SUPPLIED MATERIAL
((

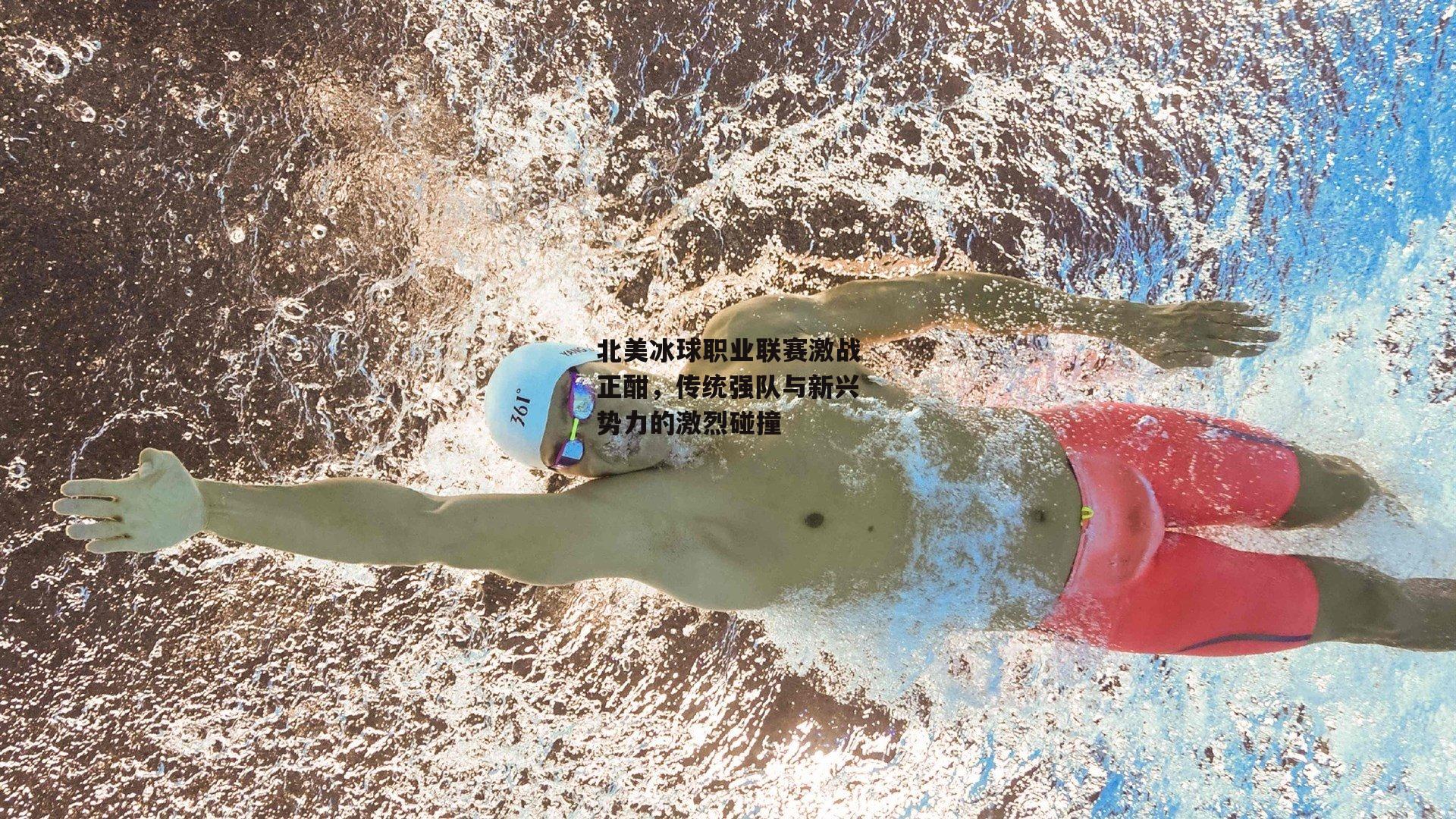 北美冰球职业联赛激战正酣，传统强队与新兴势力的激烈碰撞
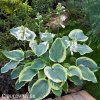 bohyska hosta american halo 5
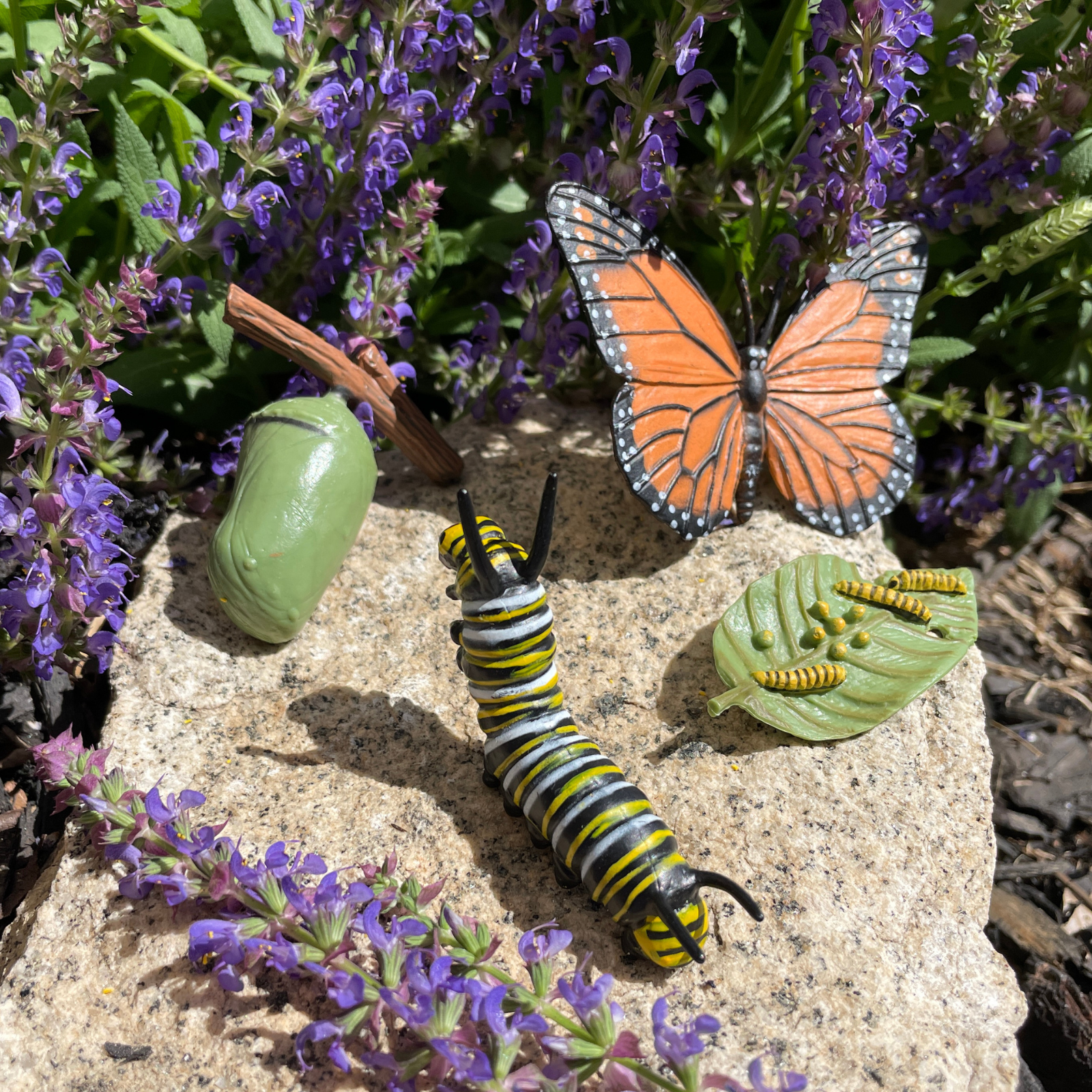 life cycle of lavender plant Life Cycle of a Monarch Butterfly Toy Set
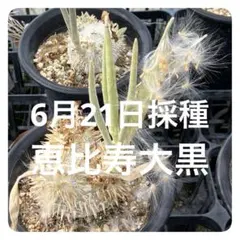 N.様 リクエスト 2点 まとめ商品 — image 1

))

GOAL OF THE EXERCISE
What is needed is an exact transcription of the lines from the one holding "bohyska hosta american halo 5" to the end of the data, with every picture left out.

RESULT BELOW
 bohyska hosta american halo 5
 life cycle of lavender plant Life Cycle of a Monarch Butterfly Toy Set
 N.様 リクエスト 2点 まとめ商品 — image 1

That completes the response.